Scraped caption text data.
┄┄┄┄┄┄┄┄┄┄

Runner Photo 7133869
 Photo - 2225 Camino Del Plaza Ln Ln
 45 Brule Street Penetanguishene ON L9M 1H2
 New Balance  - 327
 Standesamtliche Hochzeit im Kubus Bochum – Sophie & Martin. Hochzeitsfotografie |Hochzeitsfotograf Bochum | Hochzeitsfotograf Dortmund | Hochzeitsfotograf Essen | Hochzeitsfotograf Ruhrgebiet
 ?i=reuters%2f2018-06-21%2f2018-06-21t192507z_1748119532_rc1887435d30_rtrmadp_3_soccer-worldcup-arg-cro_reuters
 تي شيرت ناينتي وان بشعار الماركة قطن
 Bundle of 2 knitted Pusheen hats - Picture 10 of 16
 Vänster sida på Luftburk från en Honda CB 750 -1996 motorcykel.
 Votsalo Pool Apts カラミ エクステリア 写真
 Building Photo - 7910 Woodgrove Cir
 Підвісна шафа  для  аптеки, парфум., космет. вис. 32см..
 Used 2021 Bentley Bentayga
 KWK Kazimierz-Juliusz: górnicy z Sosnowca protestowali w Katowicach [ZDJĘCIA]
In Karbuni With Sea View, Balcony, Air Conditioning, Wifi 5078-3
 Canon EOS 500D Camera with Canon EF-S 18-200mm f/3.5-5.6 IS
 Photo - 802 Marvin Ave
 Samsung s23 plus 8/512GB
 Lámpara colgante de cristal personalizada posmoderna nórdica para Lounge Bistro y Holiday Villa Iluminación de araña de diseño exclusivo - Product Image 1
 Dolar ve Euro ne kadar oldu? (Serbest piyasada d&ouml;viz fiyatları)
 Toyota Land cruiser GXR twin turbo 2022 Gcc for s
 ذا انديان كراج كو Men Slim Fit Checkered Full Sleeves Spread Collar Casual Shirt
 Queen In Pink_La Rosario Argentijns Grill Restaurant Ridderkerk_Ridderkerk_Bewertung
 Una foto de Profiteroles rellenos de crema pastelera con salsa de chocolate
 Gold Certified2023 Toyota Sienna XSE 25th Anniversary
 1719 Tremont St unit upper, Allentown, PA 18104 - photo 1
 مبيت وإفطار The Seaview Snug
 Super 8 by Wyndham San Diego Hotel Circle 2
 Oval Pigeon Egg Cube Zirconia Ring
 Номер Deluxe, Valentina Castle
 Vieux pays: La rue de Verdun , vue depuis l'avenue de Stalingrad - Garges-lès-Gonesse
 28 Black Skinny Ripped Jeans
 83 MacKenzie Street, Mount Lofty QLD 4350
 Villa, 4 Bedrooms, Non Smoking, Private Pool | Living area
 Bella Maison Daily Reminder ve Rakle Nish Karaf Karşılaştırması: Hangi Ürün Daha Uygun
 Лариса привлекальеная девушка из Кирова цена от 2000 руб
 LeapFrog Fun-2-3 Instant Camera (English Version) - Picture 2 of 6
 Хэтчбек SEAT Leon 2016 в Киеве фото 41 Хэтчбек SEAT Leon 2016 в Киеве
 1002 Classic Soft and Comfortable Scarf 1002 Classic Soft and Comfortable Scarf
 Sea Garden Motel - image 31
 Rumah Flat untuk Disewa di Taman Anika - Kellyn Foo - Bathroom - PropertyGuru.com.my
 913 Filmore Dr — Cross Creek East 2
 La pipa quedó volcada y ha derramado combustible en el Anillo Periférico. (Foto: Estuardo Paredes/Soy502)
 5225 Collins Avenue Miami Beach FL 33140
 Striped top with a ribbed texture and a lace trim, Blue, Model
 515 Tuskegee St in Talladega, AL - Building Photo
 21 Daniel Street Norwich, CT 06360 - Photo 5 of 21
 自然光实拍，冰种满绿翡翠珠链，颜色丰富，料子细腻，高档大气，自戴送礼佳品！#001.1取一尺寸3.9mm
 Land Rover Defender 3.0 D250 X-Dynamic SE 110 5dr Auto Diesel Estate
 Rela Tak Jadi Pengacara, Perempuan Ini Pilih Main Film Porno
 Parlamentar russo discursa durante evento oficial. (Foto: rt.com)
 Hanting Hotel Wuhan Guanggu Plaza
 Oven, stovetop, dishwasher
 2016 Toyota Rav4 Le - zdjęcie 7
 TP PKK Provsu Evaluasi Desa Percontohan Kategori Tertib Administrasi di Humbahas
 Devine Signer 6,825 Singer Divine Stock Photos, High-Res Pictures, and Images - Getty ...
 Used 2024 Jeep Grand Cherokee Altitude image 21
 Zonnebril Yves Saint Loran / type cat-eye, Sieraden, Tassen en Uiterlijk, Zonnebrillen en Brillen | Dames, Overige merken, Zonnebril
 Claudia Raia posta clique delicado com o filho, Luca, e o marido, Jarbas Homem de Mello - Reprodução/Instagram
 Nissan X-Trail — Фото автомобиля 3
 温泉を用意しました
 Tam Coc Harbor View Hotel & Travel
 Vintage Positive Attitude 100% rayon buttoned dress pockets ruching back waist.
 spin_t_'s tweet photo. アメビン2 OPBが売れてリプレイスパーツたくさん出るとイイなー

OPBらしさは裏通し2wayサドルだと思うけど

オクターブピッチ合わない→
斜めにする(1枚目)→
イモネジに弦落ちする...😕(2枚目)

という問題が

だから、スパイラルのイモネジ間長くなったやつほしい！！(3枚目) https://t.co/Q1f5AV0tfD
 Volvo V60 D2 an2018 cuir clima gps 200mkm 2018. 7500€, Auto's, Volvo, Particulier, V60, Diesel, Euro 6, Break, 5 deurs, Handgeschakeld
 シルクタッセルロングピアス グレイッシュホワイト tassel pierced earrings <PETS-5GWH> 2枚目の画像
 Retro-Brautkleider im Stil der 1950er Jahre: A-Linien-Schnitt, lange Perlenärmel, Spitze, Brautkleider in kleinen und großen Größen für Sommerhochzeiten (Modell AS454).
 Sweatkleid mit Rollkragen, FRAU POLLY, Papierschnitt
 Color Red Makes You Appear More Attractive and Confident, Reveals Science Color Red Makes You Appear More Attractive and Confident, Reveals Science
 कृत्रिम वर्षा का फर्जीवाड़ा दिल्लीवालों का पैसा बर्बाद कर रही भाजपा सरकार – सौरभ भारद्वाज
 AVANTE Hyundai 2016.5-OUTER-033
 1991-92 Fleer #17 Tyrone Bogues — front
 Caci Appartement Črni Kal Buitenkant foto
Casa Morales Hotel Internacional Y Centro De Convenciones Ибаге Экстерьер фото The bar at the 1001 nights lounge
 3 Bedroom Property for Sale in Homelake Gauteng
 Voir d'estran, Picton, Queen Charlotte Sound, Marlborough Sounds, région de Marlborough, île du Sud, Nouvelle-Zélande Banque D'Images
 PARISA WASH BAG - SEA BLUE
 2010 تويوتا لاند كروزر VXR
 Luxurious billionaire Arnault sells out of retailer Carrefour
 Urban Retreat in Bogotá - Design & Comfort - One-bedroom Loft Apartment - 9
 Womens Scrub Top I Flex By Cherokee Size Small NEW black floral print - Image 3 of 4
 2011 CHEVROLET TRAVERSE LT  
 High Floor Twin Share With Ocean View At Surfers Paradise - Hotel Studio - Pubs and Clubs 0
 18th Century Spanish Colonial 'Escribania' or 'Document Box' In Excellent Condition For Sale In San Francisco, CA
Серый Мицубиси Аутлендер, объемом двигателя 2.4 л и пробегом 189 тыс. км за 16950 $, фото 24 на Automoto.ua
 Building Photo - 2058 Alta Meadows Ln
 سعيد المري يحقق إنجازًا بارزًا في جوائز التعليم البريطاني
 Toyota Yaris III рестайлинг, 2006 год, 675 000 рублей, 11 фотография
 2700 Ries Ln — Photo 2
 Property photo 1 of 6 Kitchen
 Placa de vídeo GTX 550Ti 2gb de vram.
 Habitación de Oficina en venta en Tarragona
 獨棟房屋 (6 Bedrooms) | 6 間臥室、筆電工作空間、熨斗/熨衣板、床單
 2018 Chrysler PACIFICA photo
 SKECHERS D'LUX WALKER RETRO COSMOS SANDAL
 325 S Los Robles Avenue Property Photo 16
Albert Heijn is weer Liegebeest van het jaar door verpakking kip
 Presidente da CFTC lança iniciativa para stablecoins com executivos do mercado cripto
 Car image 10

┄┄┄┄┄┄┄┄┄┄

WORK TASK.
Print, without alteration, only the lines above between the one holding "Used 2021 Bentley Bentayga" and the one holding "Toyota Land cruiser", inclusive.

ANSWER.
 Used 2021 Bentley Bentayga
 KWK Kazimierz-Juliusz: górnicy z Sosnowca protestowali w Katowicach [ZDJĘCIA]
In Karbuni With Sea View, Balcony, Air Conditioning, Wifi 5078-3
 Canon EOS 500D Camera with Canon EF-S 18-200mm f/3.5-5.6 IS
 Photo - 802 Marvin Ave
 Samsung s23 plus 8/512GB
 Lámpara colgante de cristal personalizada posmoderna nórdica para Lounge Bistro y Holiday Villa Iluminación de araña de diseño exclusivo - Product Image 1
 Dolar ve Euro ne kadar oldu? (Serbest piyasada d&ouml;viz fiyatları)
 Toyota Land cruiser GXR twin turbo 2022 Gcc for s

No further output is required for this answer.